== Exercise inputs ==
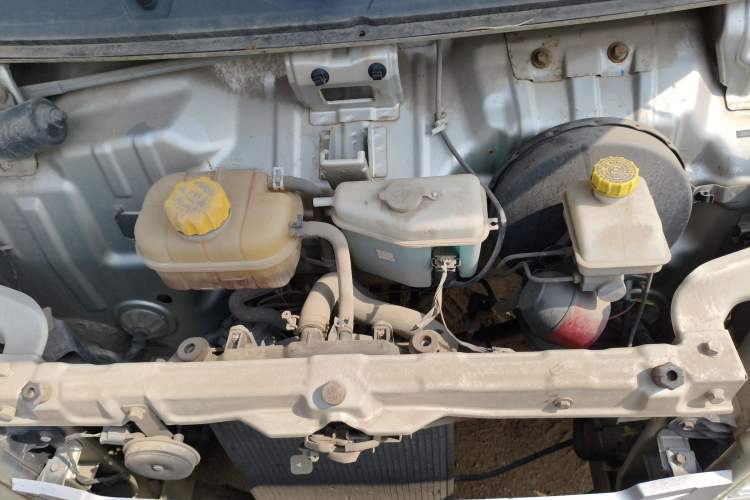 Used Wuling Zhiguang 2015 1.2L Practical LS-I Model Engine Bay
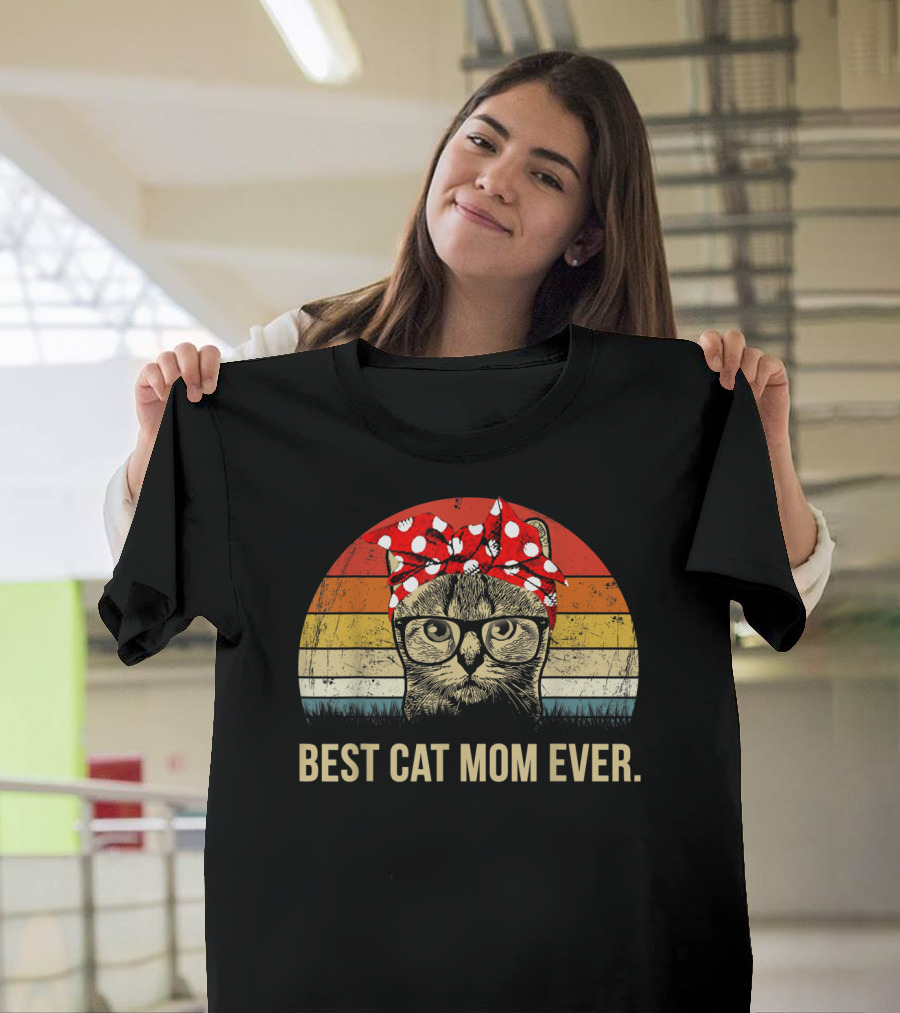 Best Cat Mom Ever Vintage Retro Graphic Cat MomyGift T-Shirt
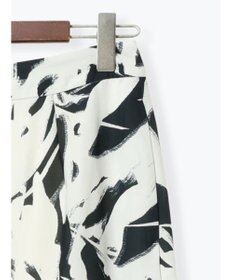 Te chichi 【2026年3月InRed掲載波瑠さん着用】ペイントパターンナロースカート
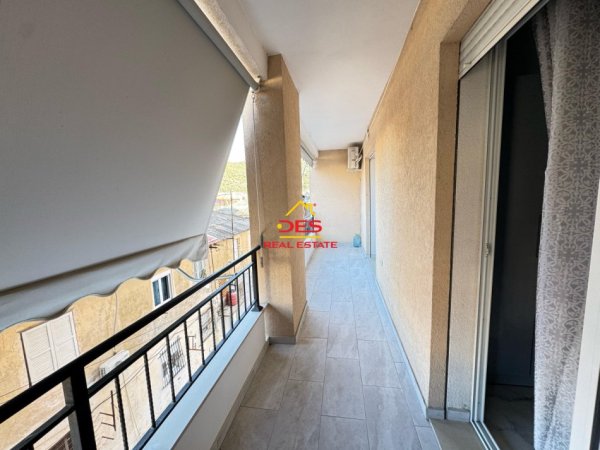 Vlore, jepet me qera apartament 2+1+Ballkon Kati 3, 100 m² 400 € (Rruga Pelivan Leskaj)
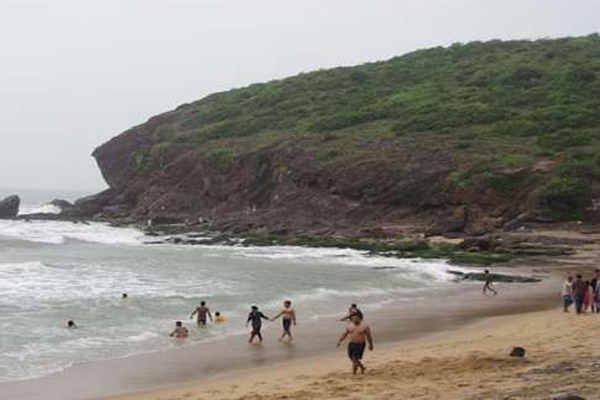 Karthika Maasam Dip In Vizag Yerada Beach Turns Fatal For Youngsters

== Exercise aim ==
The reply should consist of the listing restated word for word, with its pictures removed.

== Answer to the problem ==
 Used Wuling Zhiguang 2015 1.2L Practical LS-I Model Engine Bay
 Best Cat Mom Ever Vintage Retro Graphic Cat MomyGift T-Shirt
 Te chichi 【2026年3月InRed掲載波瑠さん着用】ペイントパターンナロースカート
 Vlore, jepet me qera apartament 2+1+Ballkon Kati 3, 100 m² 400 € (Rruga Pelivan Leskaj)
 Karthika Maasam Dip In Vizag Yerada Beach Turns Fatal For Youngsters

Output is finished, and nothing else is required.